Billions of Sunless Rogue Planets Could Actually Be Cradles for Life
Forget the Goldilocks Zone. Life could start in the darkness.
by Mihai Andrei · ZME ScienceAstronomers have spent decades hunting for life where it seemed to make sense: on Earth-like planets orbiting Sun-like stars at just the right distance. But a new study from a team of European researchers suggests some life could be hiding in the dark on a completely different type of planet. Specifically, on the moons of rogue planets that don’t even orbit a star.
These wandering planets often take their moons with them on an endless voyage into the abyss. While these moons lack a sun to warm them, they have something else: a gravitational “hug” from their parent planet that is so tight it generates heat from the inside out.
Life Doesn’t Need a Star
The traditional Habitable Zone (sometimes called the Goldilocks zone) is kind of like a campfire. If you sit too close, you burn, but sit too far and you freeze. You need the right distance for liquid water, which is necessary for life as we know it.
But rogue planets are as far from that as you can imagine. While we’re thinking about the optimal distance from the campfire, rogue planets are wandering the cold dark forest by themselves.
Rogue planets are planets that were ejected from their solar systems. This typically happens early in solar systems’ evolution, when young planets that get too close to the star can fling each other out of orbits. The result is a free-floating planet that wanders through the galaxy without a parent star. But sometimes, these planets keep their moons along with them. These moons are where life could be.

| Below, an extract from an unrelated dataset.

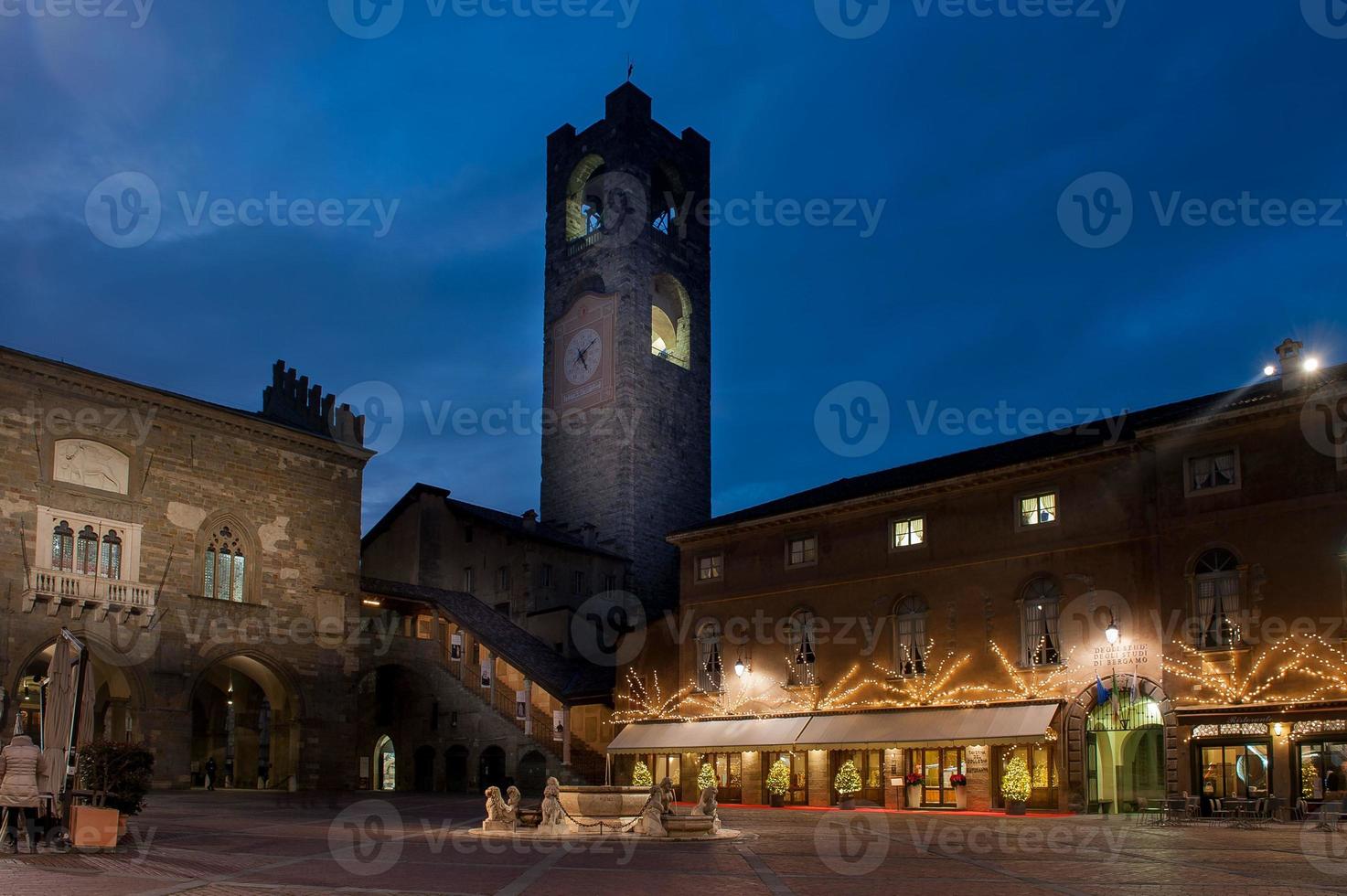 praça velha de bergamo ao pôr do sol foto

When a moon orbits a massive planet, especially on an elongated orbit, the planet’s gravity pulls harder on one side of the moon than the other. This constant stretching creates friction in the moon’s core. We see it in our solar system as well; it’s why Jupiter’s moon Io is the most volcanic place in our solar system and why moons like Europa or Ganymede have liquid water despite being so far from the Sun.
However, heat alone isn’t enough.
How To Build Life
Gravity can generate enough heat to keep water liquid, even in this unlikely rogue planet scenario. But it’s not enough to ask whether water might stay liquid. The question is whether these worlds might support chemistry relevant to the origin of life.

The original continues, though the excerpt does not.